O you who have believed, do not betray Allah and the Messenger or betray your trusts while you know (the consequence).
― Chapter 8. Surah Al Anfaal [verse 27]

يَٰٓأَيُّهَا wahai

O you
ٱلَّذِينَ orang-orang yang

who
ءَامَنُوا۟ beriman

believe!
لَا janganlah

(Do) not
تَخُونُوا۟ kamu mengkhianati

betray
ٱللَّهَ Allah

Allah
وَٱلرَّسُولَ dan Rasul

and the Messenger,
وَتَخُونُوٓا۟ dan kamu mengkhianati

or betray
أَمَٰنَٰتِكُمْ amanatamanat yang dipercayakan kepadamu

your trusts
وَأَنتُمْ dan kalian

while you
تَعْلَمُونَ (kalian) mengetahui

know.

Tafsir

Alquran

Surah Al Anfaal
8:27

Tafsir QS. Al Anfaal (8) : 27. Oleh Kementrian Agama RI


Abdullah bin Abi Qatadah berkata,
"Ayat ini turun berkenaan dengan Abu Lubabah pada ketika Rasulullah ﷺ, mengepung suku Quraidhah dan memerintahkan mereka untuk menerima putusan Saad.
Sesudah itu Quraidhah berunding dengan Abu Lubabah tentang menerima putusan Saad itu, karena keluarga Abu Lubabah dan harta bendanya berada dalam kekuasaan mereka.

Kemudian Quraidhah menunjuk ke lehernya (yakni sebagai tanda untuk disembelih).
Abu Lubabah berkata,
"Sebelum kedua telapak kakiku bergerak, aku telah mengetahui bahwa diriku telah berkhianat kepada Allah dan Rasul-Nya.
"
Kemudian ia bersumpah tidak akan makan apa pun sehingga ia mati, atau Allah menerima taubatnya.
Kemudian ia pergi ke mesjid dan mengikat dirinya ke tiang, dan tinggal beberapa hari di sana sehingga jatuh pingsan, karena badannya sangat lemah.

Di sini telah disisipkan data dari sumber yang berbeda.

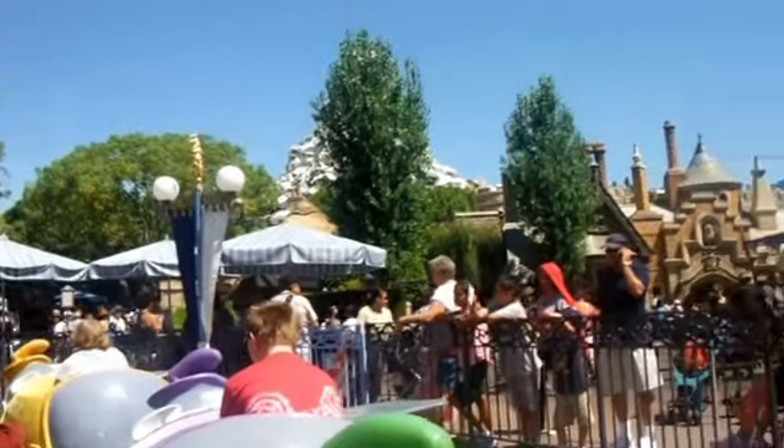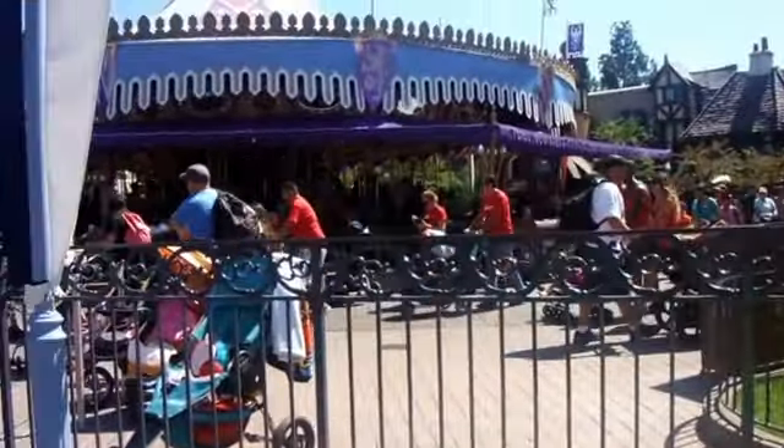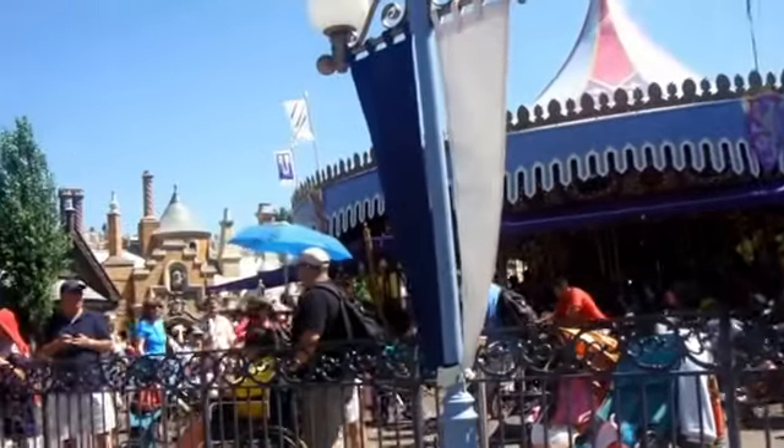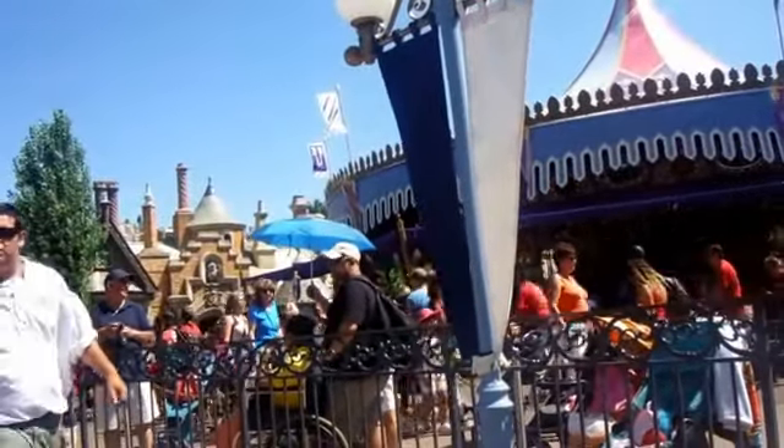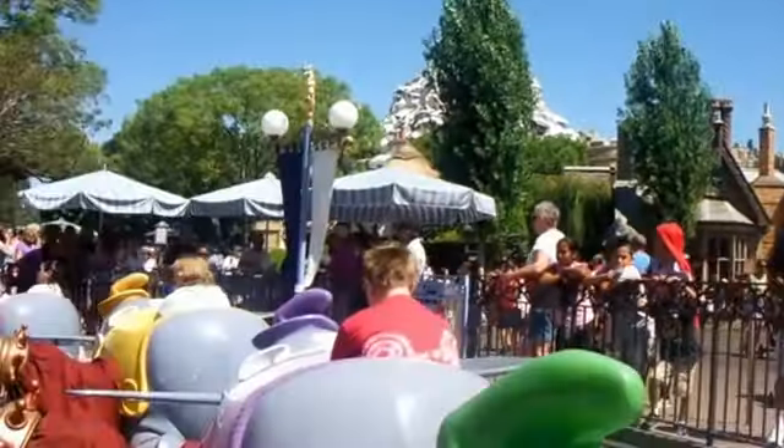Damas y caballeros, para su seguridad, por favor permanezca sentado con el cinturón de seguridad ajustado y mantenga sus manos, brazos y piernas dentro del vehículo. Cuide a los pequeños.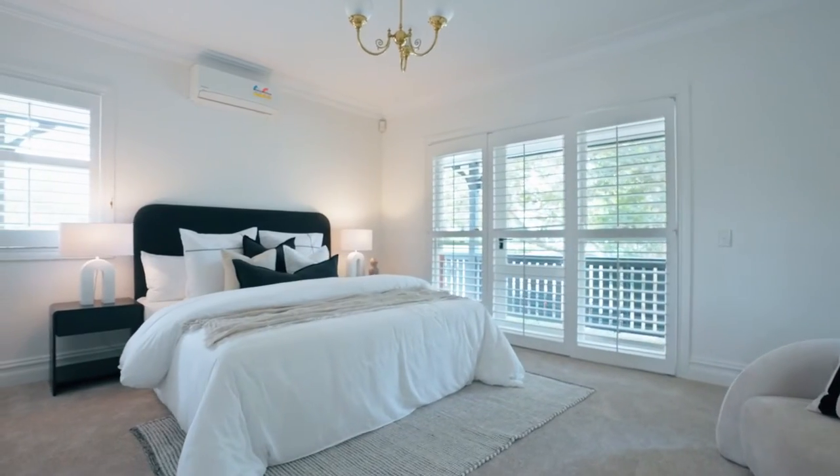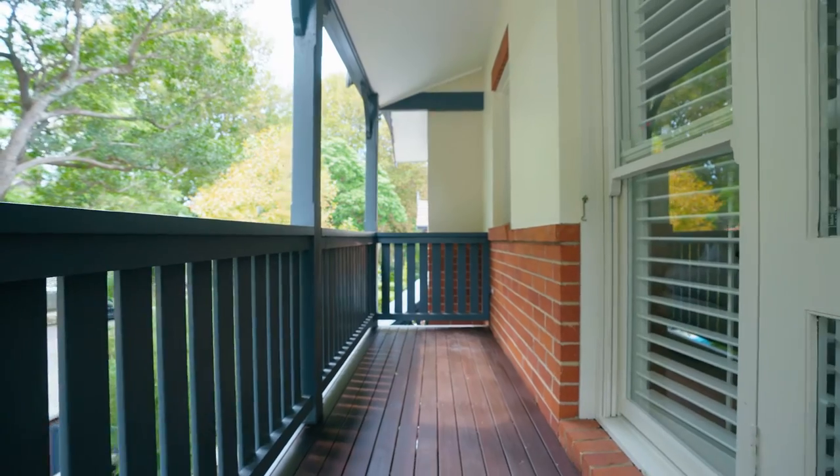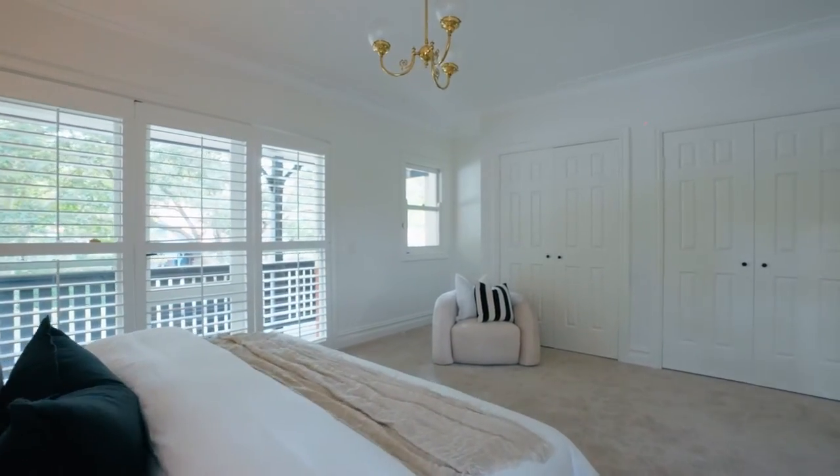We have an oversized master suite, and what I really like about it is how bright it is. You've got a wrap-around balcony, a beautiful ensuite, and a lot of storage with the built-in wardrobes.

Kemudian Allah menerima taubatnya.
Dan ia bersumpah, bahwa dia tidak boleh dilepaskan dirinya dari ikatannya selain oleh Rasulullah sendiri.

Kemudian ia berkata,
"Hai Rasulullah! Saya bernazar untuk melepaskan hartaku sebagai sadaqah."
Rasulullah bersabda,
"Cukuplah bersadaqah sepertiganya.
"
(Riwayat Saad bin Manshur dari Abdillah bin Abi Qatadah).


Allah menyeru kaum Muslimin agar mereka tidak mengkhianati Allah dan Rasul-Nya, yaitu mengabaikan kewajiban-kewajiban yang harus mereka laksanakan, melanggar larangan-larangan-Nya, yang telah ditentukan dengan perantaraan wahyu.

Tidak mengkhianati amanat yang telah dipercayakan kepada mereka, yaitu mengkhianati segala macam urusan yang menyangkut ketertiban umat, seperti urusan pemerintahan, urusan perang, urusan perdata, urusan kemasyarakatan dan tata tertib hidup masyarakat.
Untuk mengatur segala macam urusan yang ada dalam masyarakat itu diperlukan adanya peraturan yang ditaati oleh segenap anggota masyarakat dan oleh pejabat-pejabat yang dipercaya mengurusi kepentingan umat.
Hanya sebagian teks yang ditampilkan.